“Continue earnestly in prayer, being vigilant in it with Thanksgiving.”
I admitted the other day that I didn’t put my emotions to prayer. I am distracted today. My distraction is actually worry. I know I am not supposed to worry. I know I am supposed to have faith. I’ve been praying about a situation and it is the cause of my worry. I admit that this is overtaking all of my thoughts. I should be in prayer.
As Christians we are urged to “pray without ceasing.” 1 Thes. 5:17
“Always be prayerful.” Romans 12:12
“pray at all times and on every occasion.” Eph. 6:18
As you know I am already in constant prayer observing Lent- no chocolate until Easter, now I have this new distraction and my mind is in constant thought about the situation.
I was told that I have to change the way I think of prayer.
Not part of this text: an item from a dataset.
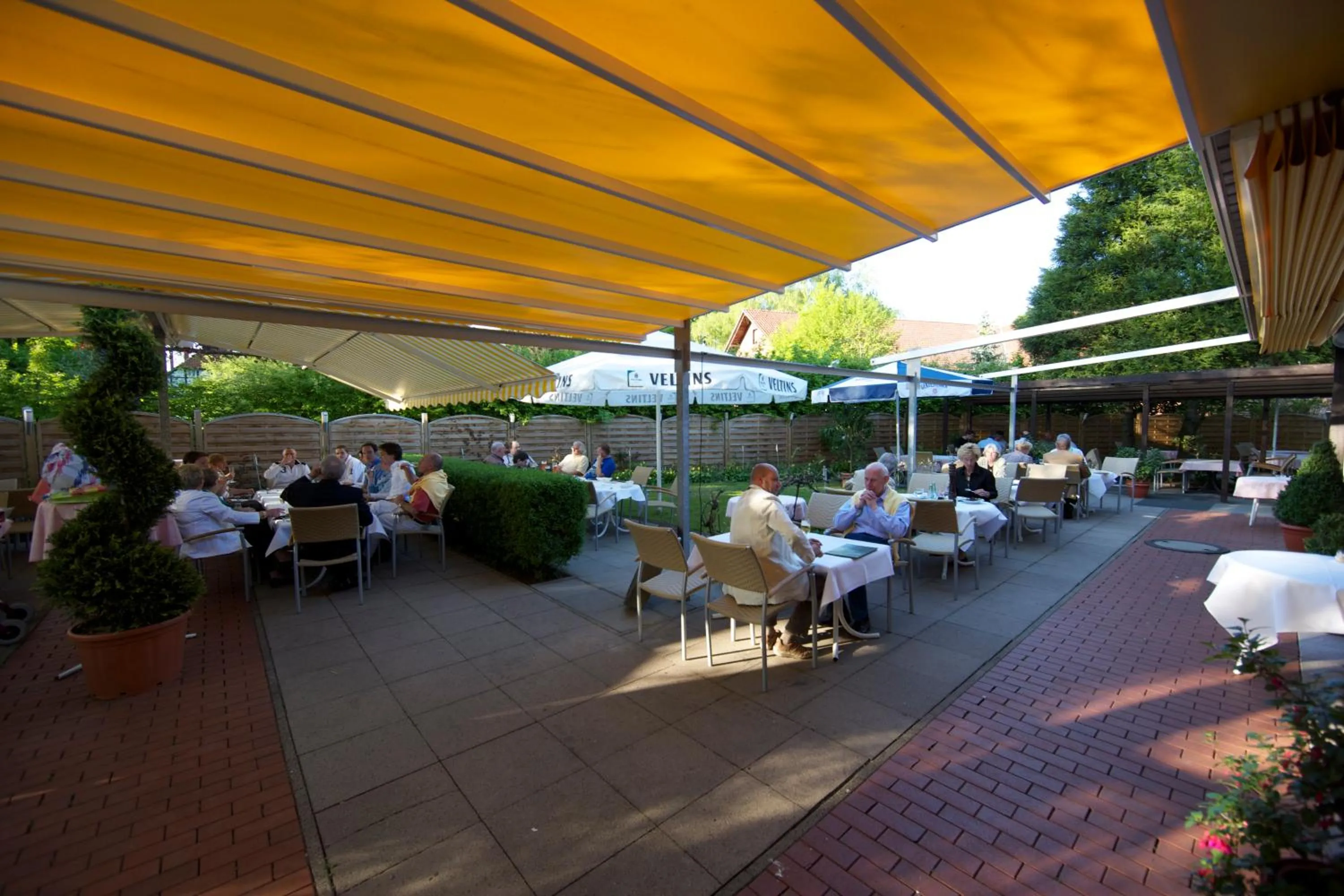 Restaurant/places to eat in Jägerhof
It is not just a motion I go through, kneeling, folding of hands, and bowing of my head and saying words of worship, praise and thanksgiving; no I am to do more than the act of praying, it is a constant awareness that God is present. I am to be more aware of God.
I know I have to also work on being constantly thankful. Even now I can be thankful for the presence of God with me while I write this. Even in my everyday tasks I need to put in practice being in worship with God. Tomorrow I plan to say throughout my day, “your presence my King, My Lord, is welcome” as I go about my everyday tasks.
I pray that God be present with me tomorrow. I hope that He will give me peace about the things I am worried about. I know that God is the only one I can count on to handle my situation.
I am in prayer about my friends finding jobs and that God will be present in their lives also.
Mercy and peace to all of us from God our father.